I have these three matrices.
$a=\left(\begin{matrix} 0 & -1 \\ 1 & 0 \end{matrix}\right)$, $b=\left(\begin{matrix} 0 & 1 \\ -1 & 1 \end{matrix}\right)$, $c=\left(\begin{matrix} 1 & -1 \\ 0 & 1 \end{matrix}\right)$
They belong to $GL_2(\Bbb Q)$. I know the meaning of the period of an element but I don't understand how to verify if these matrices are periodical and eventually how to calculate their period.
A nice approach here is to compute the minimal polynomial (which in this case coincides with the characteristic polynomial) of each matrix. Note that a polynomial $p$ will satisfy $p(M) = 0$ if and only if the minimal polynomial $m(x)$ of $M$ divides $p$.

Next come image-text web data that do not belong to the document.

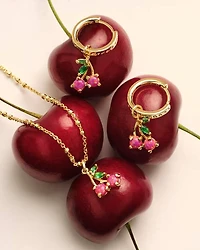 Cherry Gold Short Pendant Necklace Berry Lab Grown Opal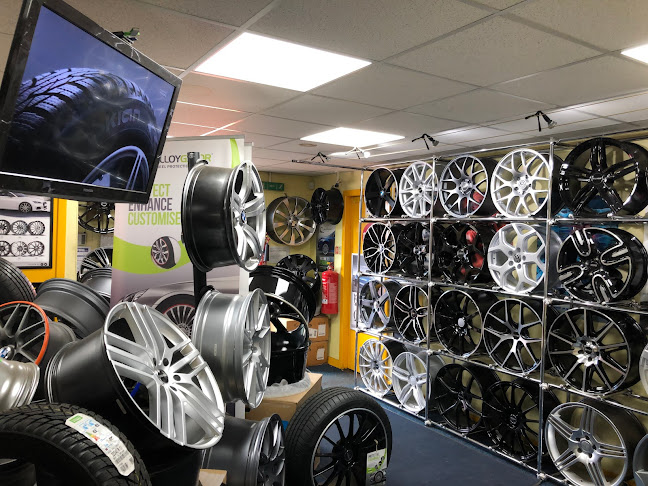 Wheels & Tyres Direct (Scotland/Glasgow) Ltd - Tire shop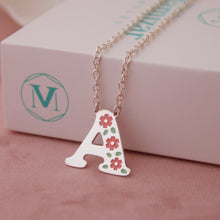 Cargar imagen en el visor de la galería, Collar con inicial personalizada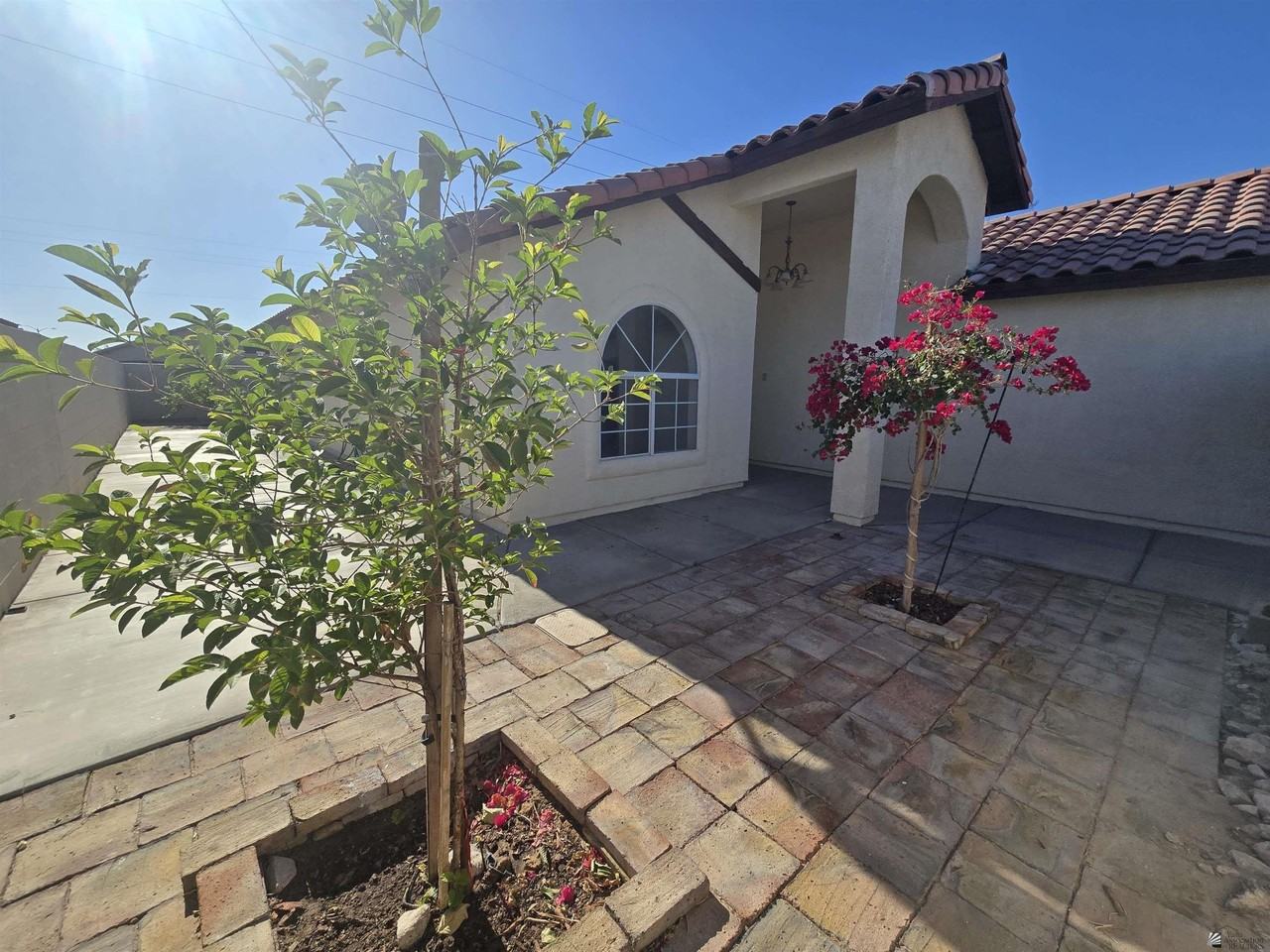 417 N San Juan Ln - Photo 7 of 18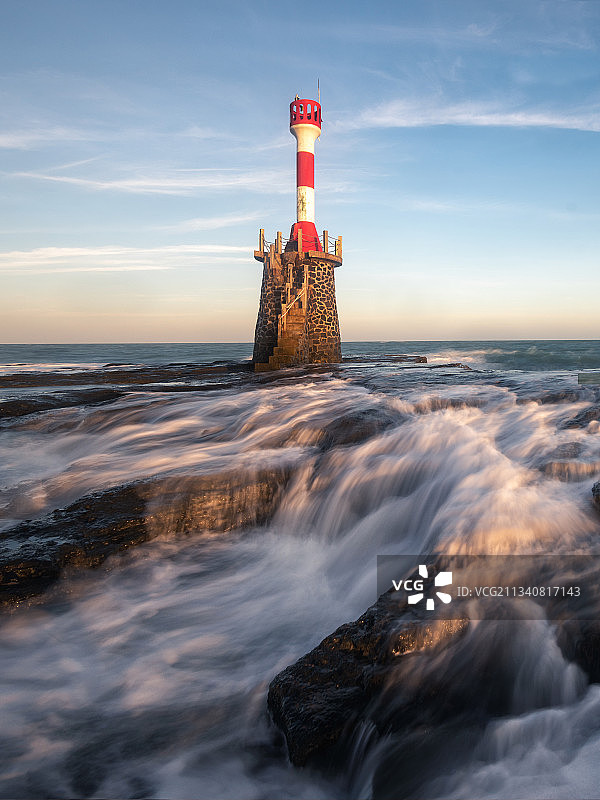 灯塔礁石图片素材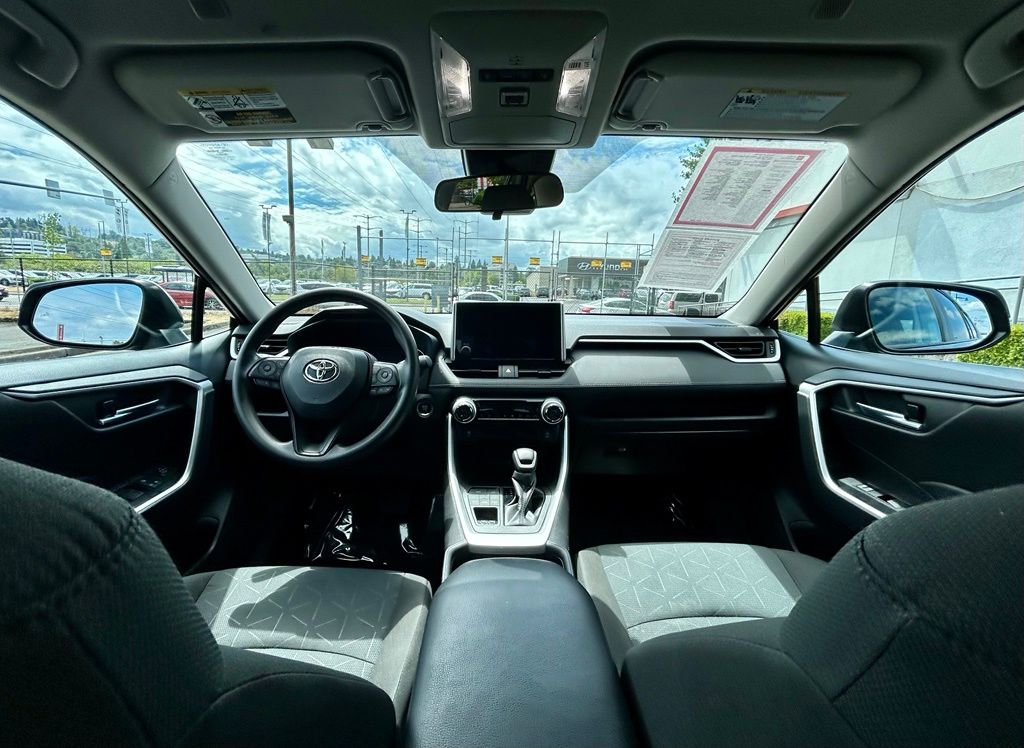 2024 Toyota RAV4 XLE - Photo 18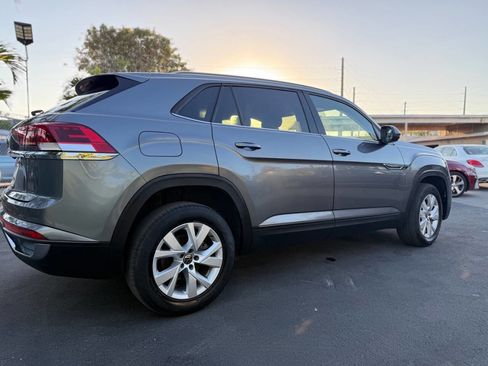 Used 2021 Volkswagen Atlas Cross Sport S image 10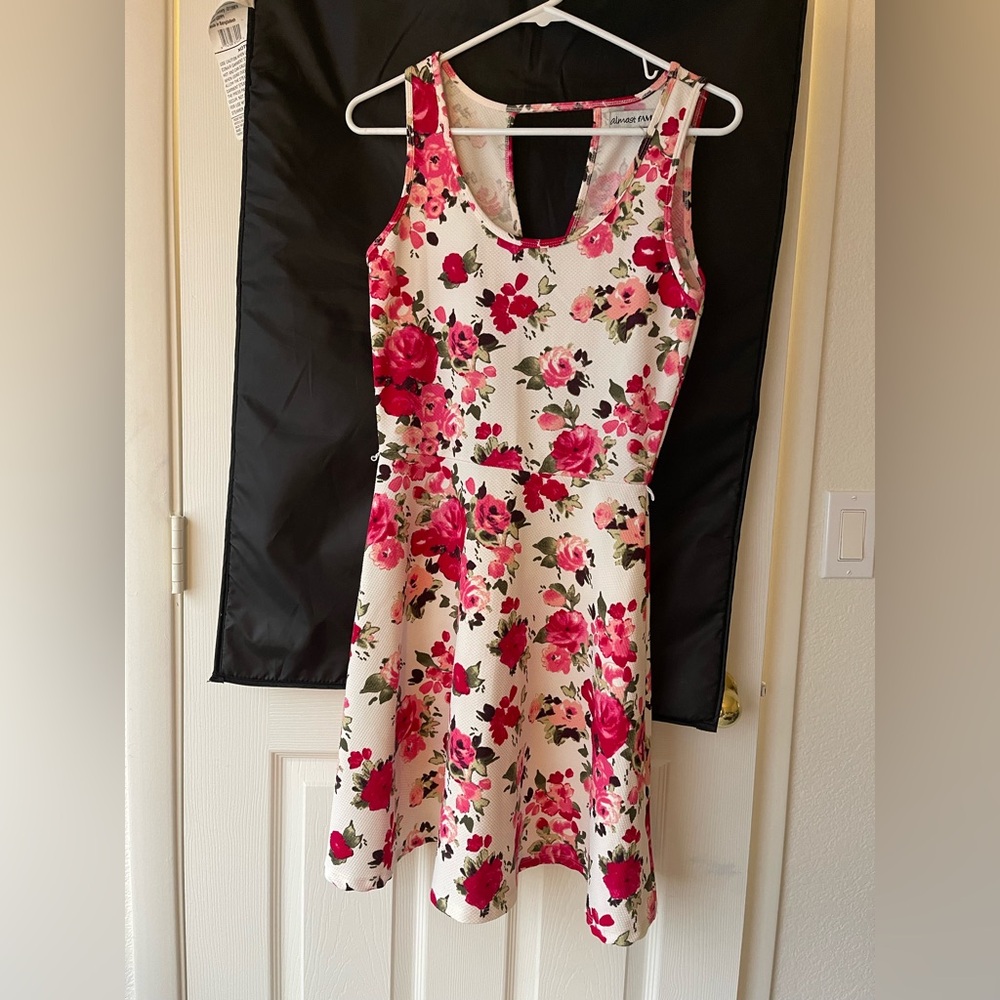 Floral Sleeveless Dress - Pink and White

In this case, we calculate minimal polynomials $$ m_a(x) = x^2 + 1\\ m_b(x) = x^2 - x + 1\\ m_c(x) = x^2 - 2x + 1 $$ $m_a$ and $m_b$ each divide a polynomial of the form $p(x) = x^n - 1$ for some $n$. $m_c$ divides no such polynomial since such a $p(x)$ has no repeated roots over $\Bbb C$, but $m_c$ does.
Alternative approach: trial and error (calculating successive powers) reveals that $a^4 = I$ and $a^6 = I$ (we might expect that this holds for $a$ if we recognize that it is a rotation matrix). However, we find that $$ c^n = \pmatrix{1&-1\\0&1}^n = \left(\pmatrix{1&0\\0&1} + \pmatrix{0&-1\\0&0}\right)^n = \pmatrix{1&0\\0&1} + n \pmatrix{0&-1\\0&0}\\ = \pmatrix{1&-n\\0&1} $$ which makes it clear that if $n > 0$, $c^n$ cannot be the identity matrix.